作 者:星里もちる 全巻数:10巻 出版社:小学館 初版年:1991年9月 |
ナミフクDMサービスに勤める不破雷蔵(ふわらいぞう)は2DKの掘り出し物件に引っ越すが、その直後会社の事務所がアクシデントで行き場を失い彼の自宅に事務所として転がり込んでくる。そのうえ社長の縁故で採用した若干15歳の氷山一角(ひやまいずみ)と同居する羽目になる。
快適な住環境=居場所を求めていた不破であったが、そんなこんなでとんでも無い日々が始まっていく。

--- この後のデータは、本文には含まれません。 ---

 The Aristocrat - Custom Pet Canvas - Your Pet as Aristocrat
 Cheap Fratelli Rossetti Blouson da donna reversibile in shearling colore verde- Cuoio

「居場所」探しがテーマなのだが、「居場所」とは単なる物理的な居住空間のことだけを指すにとどまらずに、自己の存在価値とか価値観の収束とかそういった事柄までもが多彩なキャラクター一人一人の「居場所探し」によって語られていく。
中卒でまだまだ未完成だが真摯な生き様を見せてくれるヒロインのいずみちゃん、大人でも無い子供でもない彼女に翻弄され、初めは保護者的に、そのあと段々と彼女に恋していく不破の2人が成長する姿がとりあえずストーリの核である。が、しかし、各々の登場人物の掘り下げ方がうまいし、なににも増して星里もちるの軽快なコメディーが辛気臭くならずにぐいぐい引っ張っていってくれる部分は絶妙のバランスである。加えていずみちゃんの愛らしさが華を添えて実に「よく出来た」作品であると思う。
いずみちゃんと不破の危機と仲直りまでのラスト数話は、全体のボリュームからして連載の終了への「調整」感が否めない性急な展開だったが、オーラスの不破のいずみちゃんへの言葉が光る。